De entre todos los personajes que poblaban aquel maremagnum en que nuestra vida se iba convirtiendo, yo era quien más dificultades ofrecía a mi propia interpretación: con los años, he concluido que la única explicación razonable es que soy una zorra ¿Cual otra daría sentido a aquella sumisa entrega? Me exhibía, me ofrecía… No era yo, era él quien lo hacía y, en ese sentido, podría decirse que me eximía de responsabilidad. Era él quien, en cualquier momento, en cualquier lugar, a la vista de cualquier miembro del servicio que pasara por allí, me entregaba a Juan, el cocinero; a Andrés, su pinche; a Lucas, el portero; o a Javier, mi propio chófer. Era Carlos, y no yo, quien me hacía lamer hasta la extenuación el coño de cualquiera de aquellas muchachas sin nombre que pasaban por el servicio de la casa; quien contrataba a un grupo de hombres para que me derrotaran follándome hasta el desmayo; quien, sin disimulo alguno, solicitaba en la recepción de cualquier lujoso hotel del mundo que buscaran un hombre negro, grande, limpio y atractivo para satisfacer a su mujer, y dejaba una jugosa propina con total naturalidad sobre el mostrador. No era yo.

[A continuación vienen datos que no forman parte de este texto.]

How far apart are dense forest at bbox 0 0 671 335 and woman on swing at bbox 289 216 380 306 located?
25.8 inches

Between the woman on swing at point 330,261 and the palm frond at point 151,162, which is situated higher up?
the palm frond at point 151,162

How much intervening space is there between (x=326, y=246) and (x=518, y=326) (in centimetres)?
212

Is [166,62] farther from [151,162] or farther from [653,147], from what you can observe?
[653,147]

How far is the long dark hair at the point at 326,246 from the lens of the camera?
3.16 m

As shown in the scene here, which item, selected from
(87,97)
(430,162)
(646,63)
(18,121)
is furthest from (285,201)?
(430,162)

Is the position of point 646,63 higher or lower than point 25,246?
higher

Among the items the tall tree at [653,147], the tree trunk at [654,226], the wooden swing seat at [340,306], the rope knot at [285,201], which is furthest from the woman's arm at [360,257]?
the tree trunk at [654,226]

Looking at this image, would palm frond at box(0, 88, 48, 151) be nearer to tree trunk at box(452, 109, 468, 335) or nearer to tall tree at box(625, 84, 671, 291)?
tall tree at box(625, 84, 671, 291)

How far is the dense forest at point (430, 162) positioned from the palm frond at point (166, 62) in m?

Yo solo era la zorra que se corría una vez tras otra; la zorra que se abría de piernas y se dejaba llenar de leche por aquellas pollas conocidas o anónimas; la que ofrecía el culo o la boca a quien él decidiera, y temblaba de placer fingiendo inocencia, como si no fuera mi responsabilidad, como si fuera la víctima de un amor incontrolable y entregado.

Él ya no me tocaba. Bueno, quiero decir que no me follaba. No volvió a hacerlo desde la misma primera noche en que los encontré juntos. O no lo hacía apenas. Siempre estaba presente de una manera u otra. Siempre observaba atentamente todo cuanto sucedía con auténtico placer. Se excitaba muchísimo viéndome correrme. Literalmente se volvía loco. Le obsesionaba mi rostro, mi expresión al temblar, el sonido de mis gemidos, mi excitación. Siempre me decía que le volvía loco. Me besaba en los labios mientras me follaban. A veces, se corría en mi boca, en mi garganta, sobre mí, y yo me corría con él llena de agradecimiento.

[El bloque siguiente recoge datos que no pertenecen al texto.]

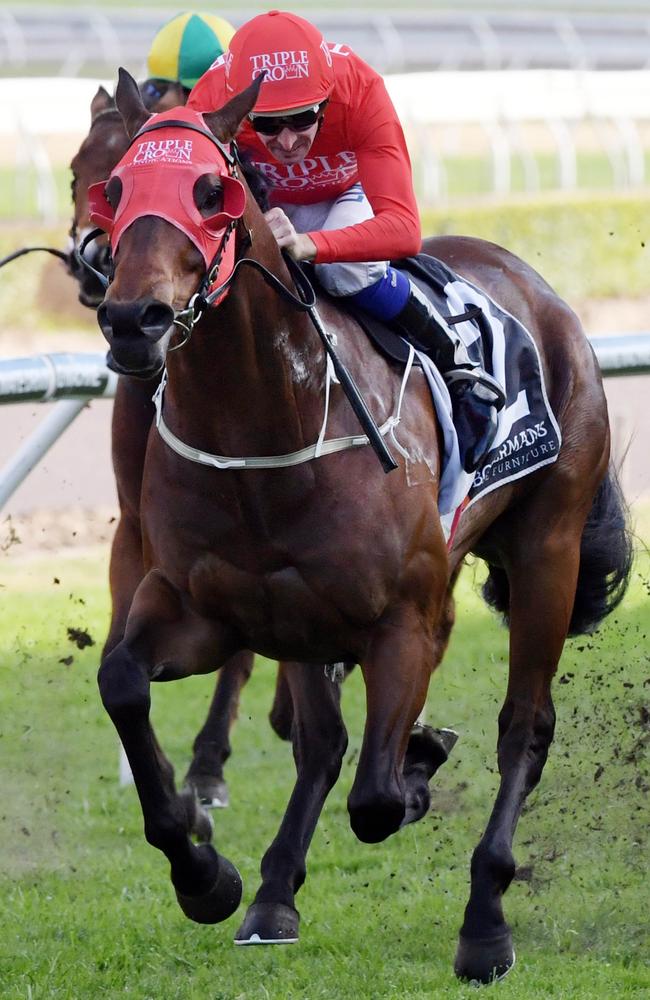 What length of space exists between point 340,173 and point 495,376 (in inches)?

Aquella era quizás la más inexplicable de mis sensaciones. No le engañaba. No le ponía los cuernos. Nunca jamás, en toda mi vida, tuve una aventura, ni un romance, ni un solo encuentro que él no me hubiera mandado previamente. Cada semana pasaba, al menos, cuatro noches fuera de casa, y nunca tuve el menor deseo de engañarle. Ni siquiera en las ocasiones en que me pidió que me hiciera amante de alguno de mis asistentes, que lo llevara conmigo y conviviera con él, que le hiciera follarme cada noche, que lo enamorara, dejé que me follaran sin que él me dijera con anterioridad cuando quería que lo hiciera, y cómo.

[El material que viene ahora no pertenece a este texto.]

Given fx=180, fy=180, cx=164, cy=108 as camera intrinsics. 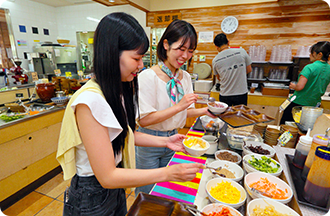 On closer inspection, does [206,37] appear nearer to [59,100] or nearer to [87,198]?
[59,100]

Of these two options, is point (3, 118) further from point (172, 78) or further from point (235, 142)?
point (235, 142)

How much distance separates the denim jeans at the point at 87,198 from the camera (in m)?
0.94

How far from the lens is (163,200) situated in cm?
88

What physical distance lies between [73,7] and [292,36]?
258 inches

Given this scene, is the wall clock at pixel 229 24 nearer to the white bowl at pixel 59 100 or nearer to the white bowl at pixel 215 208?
the white bowl at pixel 59 100

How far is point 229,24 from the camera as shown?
4344mm

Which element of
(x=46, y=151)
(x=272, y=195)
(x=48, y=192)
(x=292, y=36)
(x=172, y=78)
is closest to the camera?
(x=272, y=195)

Me hizo permanecer durante tres semanas en Hamburgo, instalada en la casa de Hans, un economista brillante, joven y guapísimo que gestionaba nuestra estructura en Alemania y parecía destinado a ocupar puestos de altísima responsabilidad en nuestra corporación. Viví allí, con él, como dos amantes, como una historia de amor. Le llamé cada tarde para preguntarle si debía y lo hice cuando me lo mandó; fingí enfadarme cuando quiso, y hacer que durmiera en otra habitación dos noches seguidas antes de hacer las paces; aquella noche le invité a sodomizarme siguiendo sus instrucciones, incitándole a palmear mi culo, a sacudirme a golpes secos y duros de su polla pálida hasta llenarme de leche… Por la mañana, cuando él dijo, le abandoné y volví a casa, donde todos los hombres del servicio me follaron en el hall en cuanto entré. Llegué triste por la desolación que había visto en aquel prometedor muchacho cuando simulé el enfadó que motivó la ruptura y derivó en su dimisión y, allí, nada más llegar, sin tiempo para cambiarme, me follaron uno tras otro, todos a la vez, haciendo que me corriera hasta perder el sentido a la vista de Mila, una criada, mientras él acariciaba, mamaba y sodomizaba a la mariconcita de mi sobrina, que se corría como una ramera riendo y mirándome. Aquella tarde me llamaba su zorrita, su putita, y se interesaba por mi placer preguntándome, obligándome a decir entre gemidos que estaba caliente, como una perra, o que me corría, que me estaba corriendo, que quería que me follaran más, que escupieran más leche en mi boca, en mi coño, en mi culo...

Pero no era yo. Era él. Yo solo era una mujer enamorada. Pensarlo, me permitía desentenderme de mi responsabilidad y soportarme. La mujer que yo era entonces, hubiera sido incapaz de asimilarse de otra manera. No hubiera podido soportarlo. Era la derivación de la culpa la que me permitía sumergirme en aquella vorágine de placer por placer sin perderme el respeto.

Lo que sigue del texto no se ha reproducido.